As they say these days, meh. It's one of those stereotypical sad cello pieces that sounds like someone's funeral is either taking place or is imminent. It's also at the technical level of approximately junior high, but does not lie particularly well. It would take lots of work to get it to sound good, but it would never sound like I had put so much into it. I dreaded spending the better part of a year working on it. At first I thought, okay, not my favorite, but I'll be a pro, learn the piece, play it really well, et cetera. The only problem was that every time I sat down to work on it, it made me depressed.

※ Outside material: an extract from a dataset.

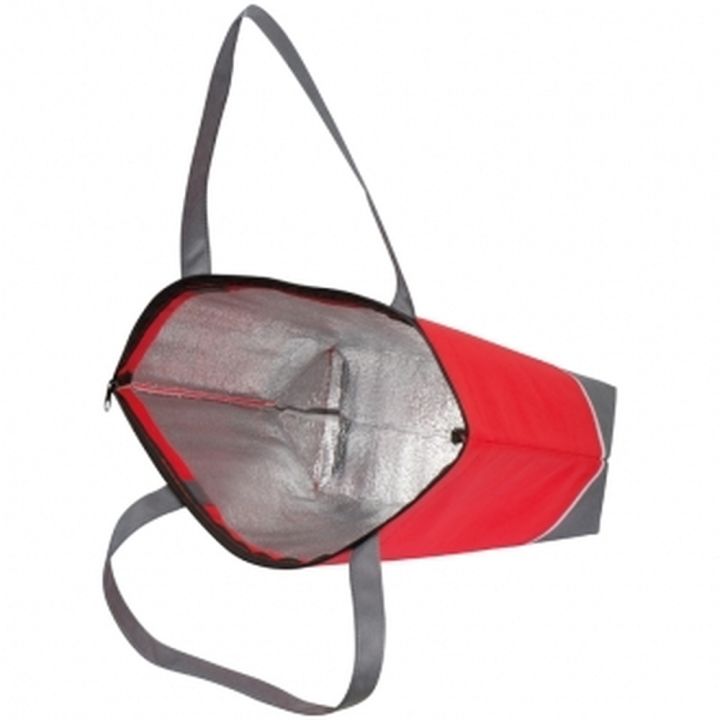 Torba termiczna non woven THEO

So I approached the conductor at a rehearsal this fall and asked if he would be okay with another piece of the same length. The upshot was that he agreed to change from the "Elegy" to Tchaikovsky's "Pezzo Capriccioso." And now I must make sure that I am in shape to play all those spiccato 32nd notes and jump around in thumb position by this coming June.

My experience of these things is that it is not enough to practice only the piece; I need to work on other things that include the same technical challenges but are more difficult. So my plan of attack, at least to start, is Popper (Etude No. 6, and maybe some others) for bowing; Bach Prelude No. 6 for thumb position and intonation; and scales and arpeggios. We'll see how it goes.

Here is a video of "Pezzo" that I liked when I came across it on YouTube. Very clean and expressive.

Friday, December 16, 2011

"You and the Piano": A lesson with Seymour Bernstein

This was posted today on a forum I read:

A friend received this email from his old piano teacher, Seymour Bernstein an author (With Your Own Two Hands) and concert pianist living in NYC, aged 85 now and still going strong.

"Here it is, my video made in 1986 entitled YOU AND THE PIANO. , I believe that this video is one of the important accomplishments of my professional life. Having had a lot of distance from the time it was made, I now consider it to be a powerful educational tool for all pianists of any age and level of accomplishment; and even for other instrumentalists who often ponder what to tell their pianists concerning balance of sound.
Now I need your help. I want to establish a partnership with YouTube. But they won’t consider it unless there is measurable activity for my videos. A hit occurs when someone clicks onto the video file. So please, send these files to your friends. They need only open them up and that constitutes a hit.
Thanks so much for your help, and my warmest wishes to you.
Seymour "

I Thought you may be interested in his techniques etc.





These are wonderful videos. If you are at all interested in piano technique, please check them out. I have been meaning to get a hold of Mr. Bernstein's famous book mentioned in the note above, With Your Own Two Hands, and now I will really try to do so.